BP shares are down 28% since the oil spill in the Gulf, compared with a 13% gain for shares of larger rival Royal Dutch Shell Plc over the same period.

BP spokesperson Robert Wine said the company has no plans to split up its downstream refining and marketing operations and upstream exploration business.

"The principle of a split deserves a good airing," Ivor Pether, a fund manager at Royal London Asset Management, told Bloomberg. "The U.S. government would block any such proposal while Macondo [oil spill] liabilities are outstanding, but there are enough notes out there on the possibility to merit a considered response."

"Conoco spinning out downstream activities keeps the debate going about the benefits of integration," Tim Mann, a fund manager at Legal & General Group Plc, told the news agency.

BP has spent more than a decade paring down its refining arm because of overcapacity in Europe and the United States, the report said.
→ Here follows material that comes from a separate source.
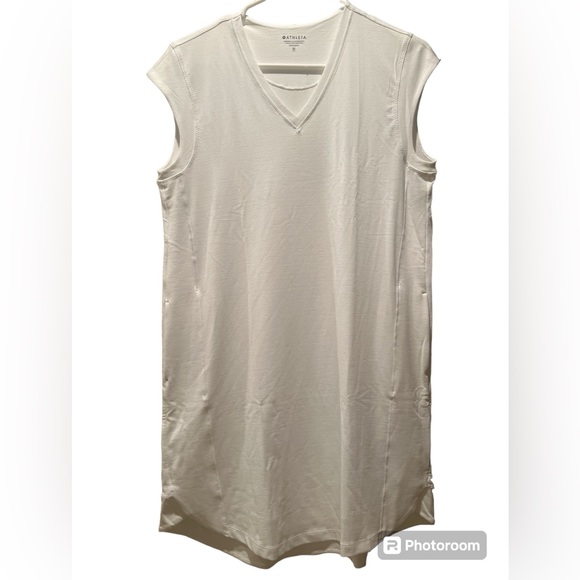ATHLETA | PACIFICA DRESS XS WHITE - Picture 2 of 10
BP plants can process about 2.7 million barrels of crude a day, down from 3.2 million barrels in 2000. The proposed sale of two of its five U.S. refineries will subtract about another 700,000 barrels of capacity.

"Once they've sold Carson and Texas City, they won't have much refining left and it would be difficult to exit completely," Iain Armstrong, an analyst at London-based broker Brewin Dolphin, told Bloomberg. "Why not break up into various upstream businesses? Bob has steadied the ship, but it should be doing better than this."

Since taking over in October, Dudley has overseen the sale of $25 billion upstream assets in Argentina, Colombia, Pakistan and Vietnam and said he will focus the company on exploration. He signed a $7 billion deal with Reliance Industries Ltd. to explore offshore India. The proposed $8 billion tie-up with Rosneft to explore Russia's Arctic Kara Sea was blocked by the billionaire partners in the TNK-BP venture.

"Splitting up an oil company can make for quicker decision times as well as sharper capital and other resource allocation," Andrew Steinhubl, a partner at management consultant Bain & Co. in Houston, told the news agency. "Whether the model fits for the larger companies remains to be seen."

(Click here for previous coverage of BP breakup speculation.)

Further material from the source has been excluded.